TRY IT –
Give the lines below again, exactly as they stand, and leave out the images.

INFORMATION SHOWN –
====================
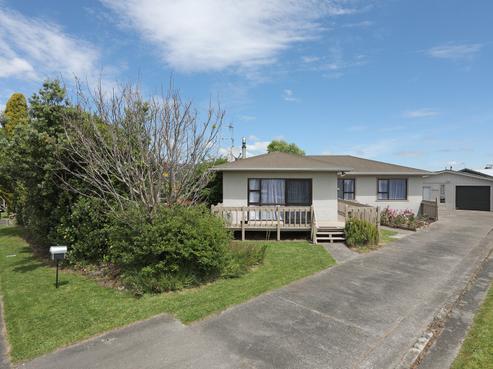 4 Montgomery Street, Feilding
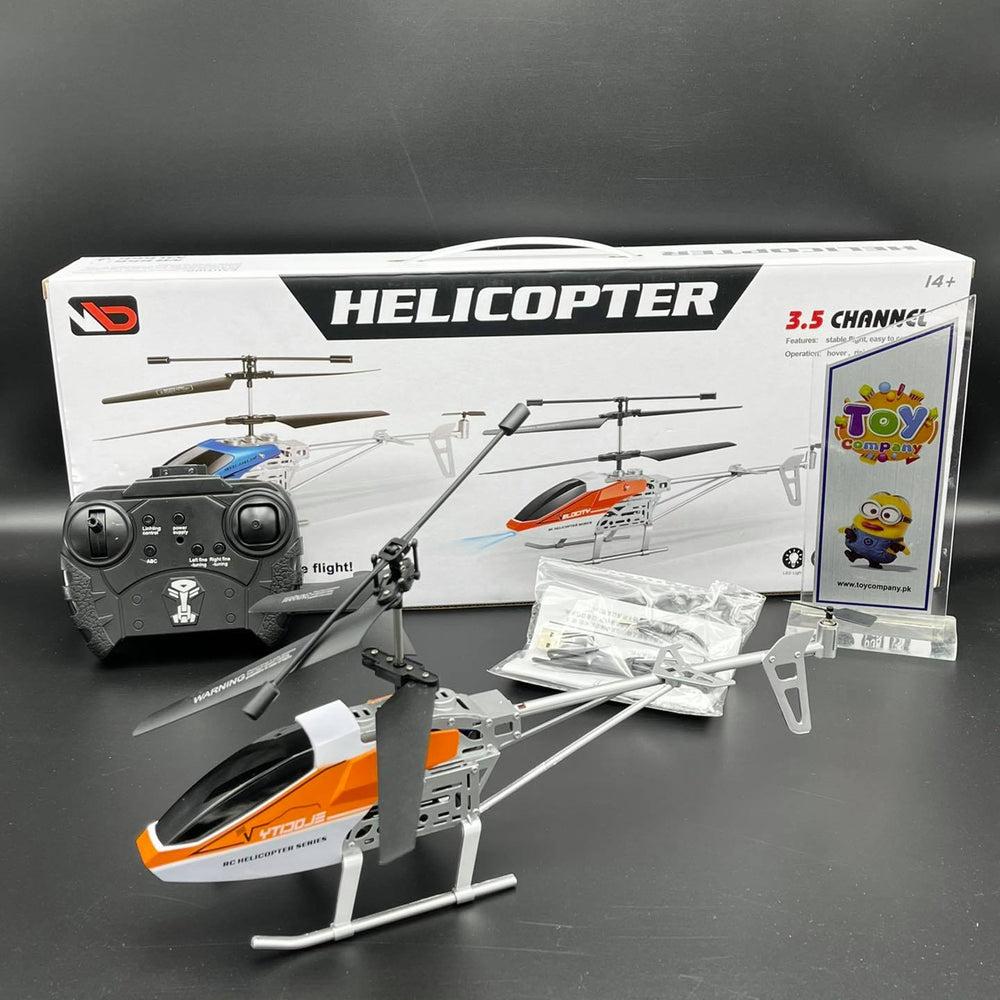 R/C 3.5 Channel Helicopter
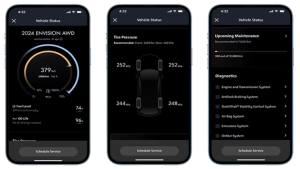 Your Vehicle Mobile App
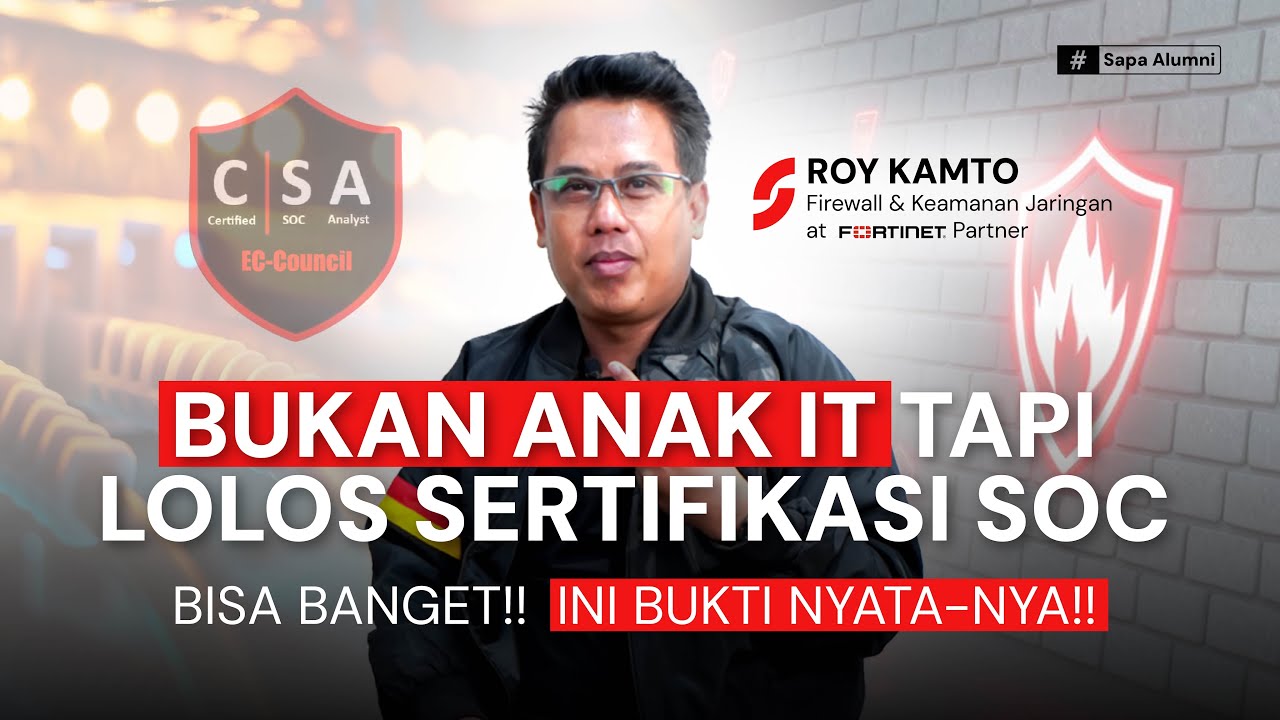 CourseNetID's tweet card. BERMODAL HOBI, BELAJAR DARI NOL TANPA BACKGROUND IT ⁉️ SIMAK CERITA...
====================
SOLUTION TO THE EXERCISE –
 4 Montgomery Street, Feilding
 R/C 3.5 Channel Helicopter
 Your Vehicle Mobile App
 CourseNetID's tweet card. BERMODAL HOBI, BELAJAR DARI NOL TANPA BACKGROUND IT ⁉️ SIMAK CERITA...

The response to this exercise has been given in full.